がんとうまくつきあう「3つの“あ”」とは?

桜井 山崎さんは、バレーボールをやってるんですよね。けっこう激しい運動でしょう?

山崎 じつは脱毛中も試合に出てました。最後の最後に、私のところにボールが飛んできたので必死に突っ込んだら、被っていた帽子がポロッと。私の肌色の頭を見た主審は慌ててしまい……。ホイッスルもなく試合が終わったことがありました(笑)。あれは申し訳なかった。

桜井 あははは。「日陰者」感ゼロだ。

山崎 球技って、余計なことを考える暇がないじゃない。一瞬たりともボールから目を離せない緊張感で、頭がリフレッシュするんです。以前はただ走ったり泳いだりしてみたこともあったけど、それだと仕事のことが頭から離れなくて。

桜井 私はずっと水泳やランニングをしているのですが、その最中に、「家に帰ったらあれやって、これやって」って頭のなかが整理できるのが、自分に合っているんですよ。

勝俣 スポーツはいいですね。がんになると、引きこもってしまう人も多い。これも抗がん剤に対する偏見で、マスクをしろとか、人混みに出るな、とか。

桜井 「ダメダメリスト」が多すぎる。修行じゃないんだから。

勝俣 食事制限をする人もいるのですが、そうなると一日中がんのことが頭から離れなくなりますよね。「がんから逃れるにはどうしたらいいのか?」という答えのない問いに悶々として、引きこもることになる。いいことは一つもありません。

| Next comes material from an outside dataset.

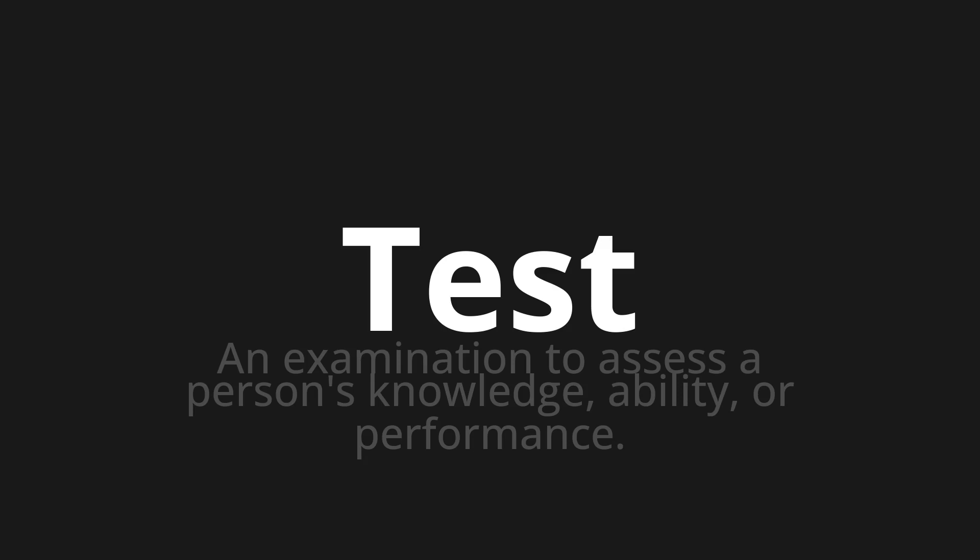Let's say it all together. Test, test. One more time. Test, test.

山崎 悶々とすることでがんが消えるのなら、喜んで悶々とするけれど。私はがんになってから、現実しか見ないように心がけています。ちゃんと仕事ができて、ご飯も食べられているじゃない、って。

桜井 何かが起きたら、そのときに考えればいいんだよね。

山崎 妄想の世界でどんどん穴を掘っていくほうが私は怖い。マイナスの感情を持つことは止められないけど、その時間はなるべく短く。手離れよく。

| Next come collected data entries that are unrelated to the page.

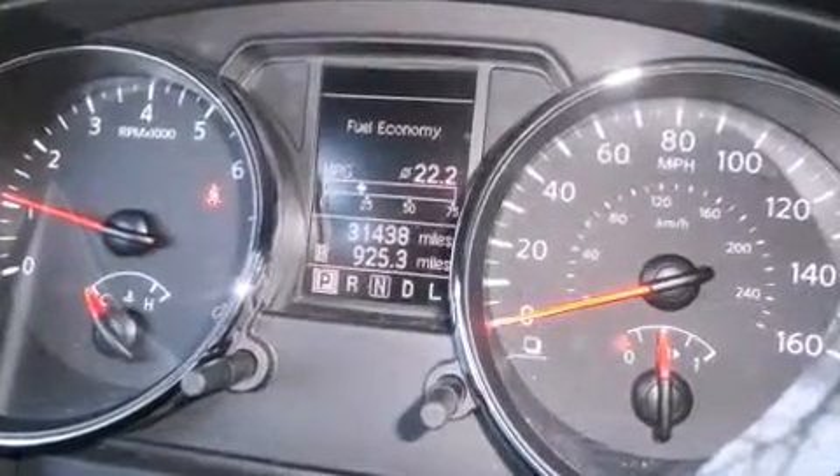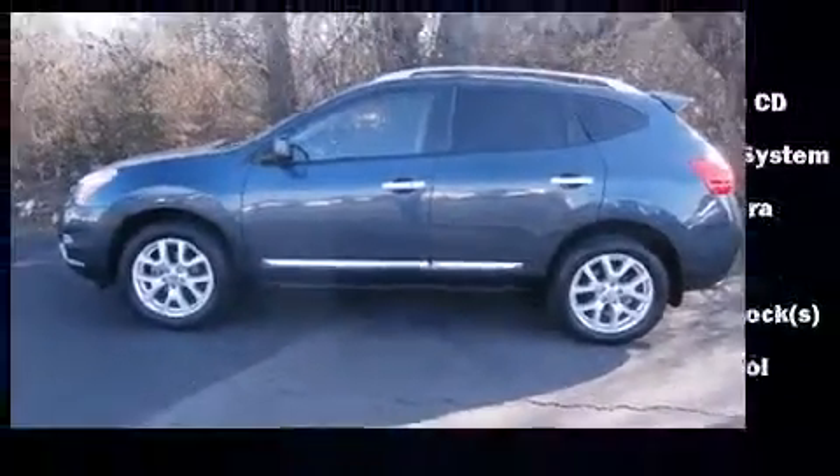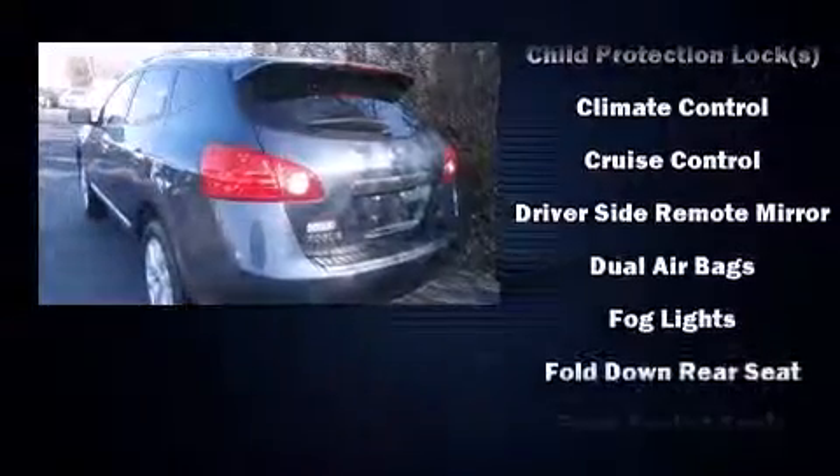You and your passengers will enjoy the stereo system, which includes a CD player with MP3 capability, steering wheel-mounted audio controls, and eight speakers, enhancing the audio experience throughout the interior.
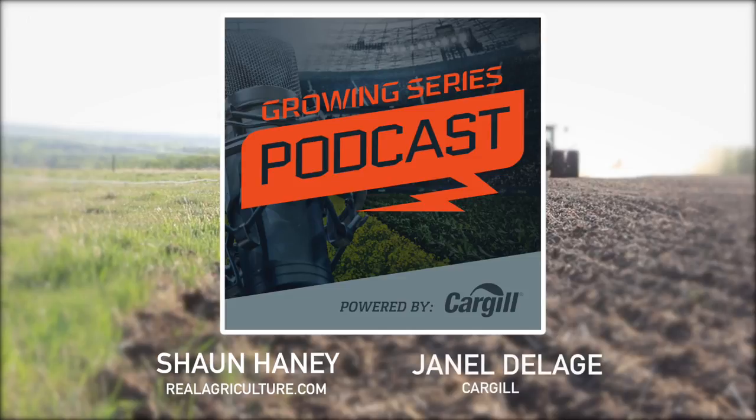Today's guest is Janelle Delage, an agronomist from Cargill based in Saskatchewan. We're going to talk everything straight cutting. So Janelle, we're talking about straight cutting canola and how to plan and manage it throughout the season. Why do you think that straight cutting canola is gaining so much in popularity?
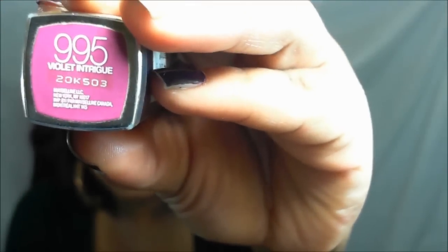We'll start with the first one, which is Violet Intrigued. It is a wonderful color, and this is what it looks like.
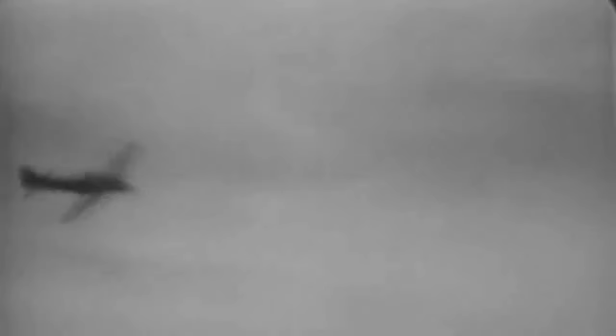The Ki-43 was designed in response to the Japanese Imperial Army's need for a new, fast fighter to replace the outdated Nakajima Ki-27. The fighter had to exceed 311 miles per hour, reach a height of over 16,400 feet in less than 5 minutes, go over 800 miles before refueling, and be armed with two 7.7 mm machine guns. The aircraft also had to preserve the renowned maneuverability of the Ki-27.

桜井 「あ、いま悪いことが頭に浮かんだぞ。いかん、いかん」って思うようにしてる(笑)。結局、自分らしく、そのままでいいんだと思う。性格は生まれつきのものだから、がんになったからって無理して変えようとしても、ストレスになるだけ。

勝俣 がんとうまくつき合っていくための秘訣は「3つの“あ”」です、といつも患者さんには話すんですよ。「焦らず」「慌てず」「諦めず」。

桜井 なるほど、そうですね。

勝俣 そうしたら、「焦らず」「慌てず」「ありがとう」と言った患者さんがいました。感謝というのは、さきほどのPTGにつながるのかもしれませんが、いい言葉ですよね。とにかく、がんになったからといって、以前と生活スタイルを変える必要はありませんよ。

山崎 食べたいものを食べて。

桜井 行きたいところに旅行に行ったり、やりたかったことを趣味にしたり。自分へのご褒美を増やすくらいで、ちょうどいいんじゃないかな。

山崎 で、がんなのだからと甘やかしてくれる人がいたら、とことん甘える(笑)。それも秘訣です。